As principais mudanças visuais nos carros de 2017: Desenho: F1.com/Giorgio Piola
Como se não
bastassem toda a expectativa pelo novo regulamento e também ano com carros
totalmente diferentes, os bastidores da Fórmula 1 estão agitados desde
dezembro, quando um protesto da equipe Ferrari junto à FIA busca vetar o
desenvolvimento de uma nova suspensão produzida pela rival e atual tri-campeã
Mercedes.
Conhecido como
FRIC, o sistema foi banido da categoria há três anos, mas ao que parece a
equipe baseada em Brackley, na Inglaterra, encontrou uma forma de instalar o
equipamento dentro das regras. Porém os italianos descobriram e tentam proibir
a todo custo o artificio. A famosa assinatura de todos os times na categoria
poderia atrapalhar os planos da equipe de Lewis Hamilton, porém apenas três
times concordaram em tentar parar o uso desse tipo de suspensão, conforme destacado inclusive pela versão brasileira do portal Motorsport.com e também o conhecido site Grande Prêmio.
Como boa parte
dos times usa motores justamente da Mercedes, ficaria realmente difícil "atrapalhar" a própria equipe principal das unidades de potência. O sistema consiste em
ligar as suspensões traseiras e dianteiras sem um elo direto entre elas. Mas ao
mesmo tempo que o sistema possa ser de fato proibido antes do início dos testes
de pré-temporada no dia 27 de fevereiro, a Ferrari, que evidentemente está longe de ser boba, buscou desenvolver o sistema
que visa banir. Caso seja liberado, a Mercedes ganharia logo de cara e mais
uma vez uma IMENSA vantagem técnica no início do campeonato. É isso que a Ferrari justamente visa impedir para tentar brigar mais de igual para igual.

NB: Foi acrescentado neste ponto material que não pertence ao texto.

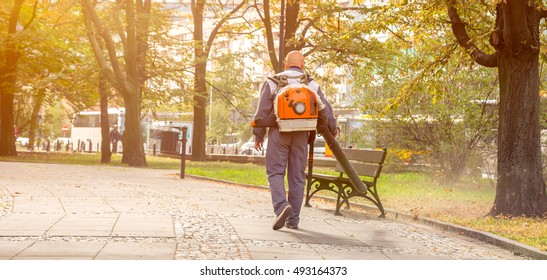 Street sweeper collects leaves from the fan motor, Cleaning the streets of leaves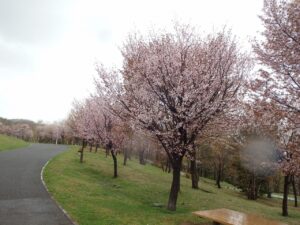 旭山記念公園の桜2023年4月26日9新桜並木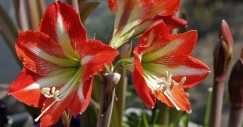 Le piante invernali più facili da tenere in casa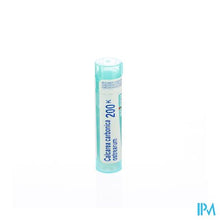Afbeelding in Gallery-weergave laden, Calcarea Carbonica Ostrearum 200k Gr 4g Boiron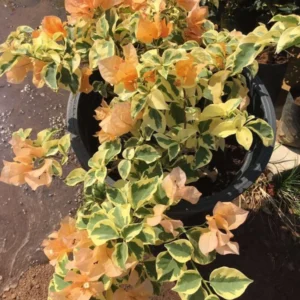 Bougainvillea Spectabilis Plant - Vine - 1 Feet Tall - Orange Bracts - 6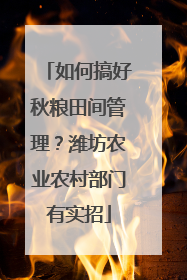 如何搞好秋粮田间管理？潍坊农业农村部门有实招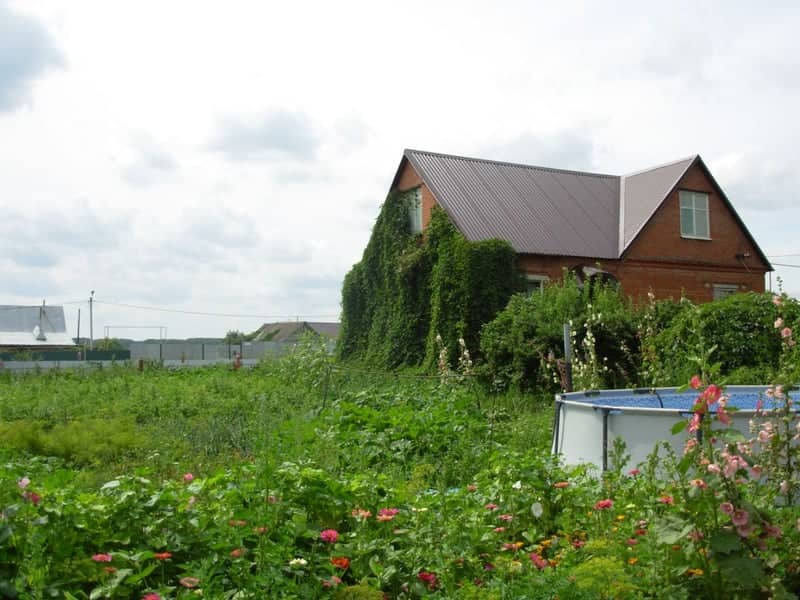 Ivy-Covered House in Saransk - Image 1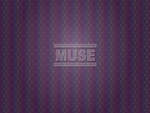 Muse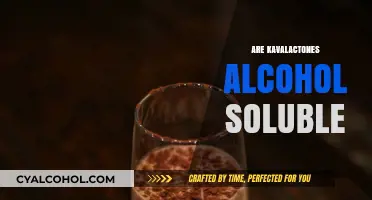 Are Kavalactones Alcohol Soluble? Exploring Kava's Key Compounds and Solubility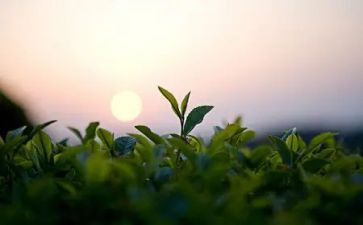 茶叶店活动方案7篇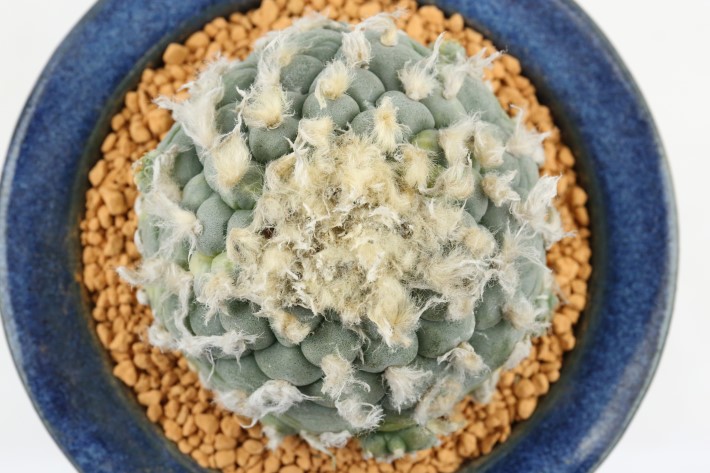 大疣銀冠玉錦 実生 A3569☆ロフォフォラ サボテン☆「送料無料」浦部陽向園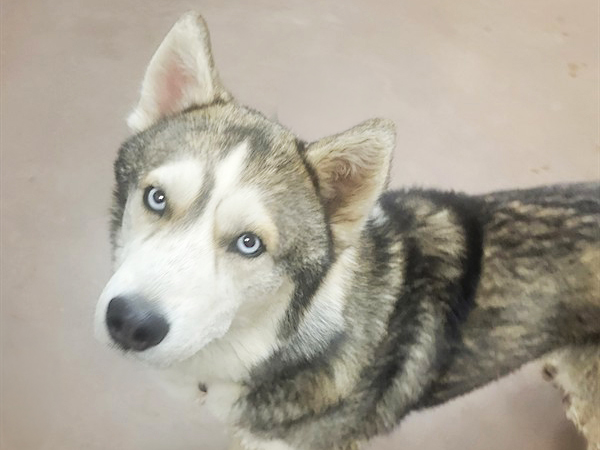 Shelter Stray Male Dog last seen 19TH AND DOBBINS, 5501 E Van Buren St, Phoenix, AZ 85008, USA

As principais mudanças visuais nos carros de 2017: Desenho: Motorsport.com/Giorgio Piola
Após tantos anos
de resultados razoáveis e melhoras apenas providenciais, a Ferrari não quer
perder terreno algum para a equipe chefiada por Toto Wolff e Niki Lauda e mais
essa “batalha” histórica entre os dois lados promete capítulos um tanto
polêmicos nas próximas semanas e até o início do campeonato. Vale lembrar que a
McLaren-Mercedes, após anos sem vitórias, começou 1998 com o pé direito junto
da dupla Hakkinen-Coulthard. Logo de cara o conjunto mostrou ser o melhor do
ano na equipe que naquela altura acabava de receber o gênio da prancheta: o
projetista Adrian Newey.
E justamente
dentro do regulamento da época, eles desenvolveram uma suspensão superior aos
rivais, o que incomodou times como a Williams por exemplo. Após muita luta de
bastidores, o sistema acabou proibido a partir dos treinos durante a segunda
etapa no Brasil. Mas não adiantou nada: aquele era apenas uma das vantagens de
um carro também quase de outro mundo e que colocou os rivais no bolso. Mesmo
com o avanço da Ferrari e de Schumacher ao longo do campeonato, Hakkinen
ganharia no Japão o primeiro título da carreira em um ano quase impecável das
flechas de prata.
Talvez o passado
mostre que os períodos de domínio na categoria sejam mais fortes do que nunca,
e mesmo com mudanças drásticas e bruscas de regulamento. O que Ferrari e fãs temem é que a Mercedes tenha essa "carta" da suspensão na manga, mas pior do que isso, não apenas ela, mas muitas além. Tudo isso começaremos
a descobrir de fato nos testes de pré-temporada e mais “profundamente” a partir do
primeiro GP do ano nas apertadas ruas de Melbourne, na Austrália.